▶ [Data block]
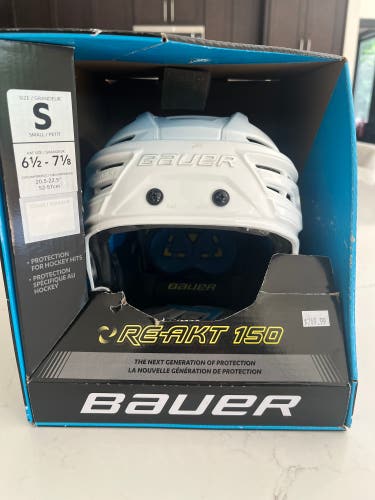Small Bauer Re-Akt 150 Helmet Pro Stock (Used)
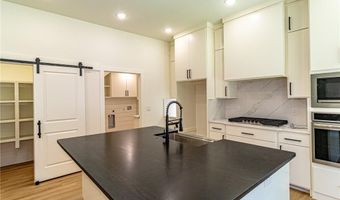 2 Scotch Broom Pl, Bella Vista, AR 72715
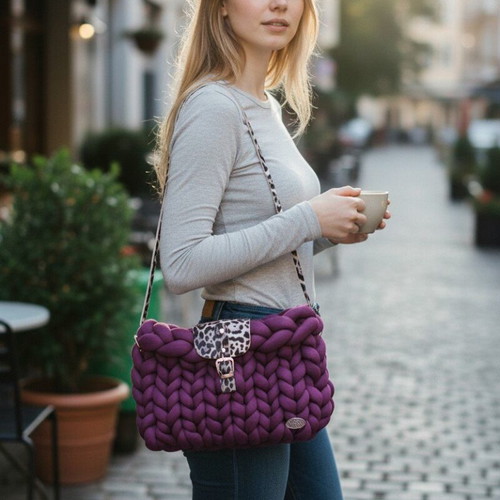 Shoulder bag handmade with marshmallow yarn, new, purple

▶ [Instructions for the task]
The whole listing should be restated word for word, with no pictures.

▶ [Written answer]
Small Bauer Re-Akt 150 Helmet Pro Stock (Used)
 2 Scotch Broom Pl, Bella Vista, AR 72715
 Shoulder bag handmade with marshmallow yarn, new, purple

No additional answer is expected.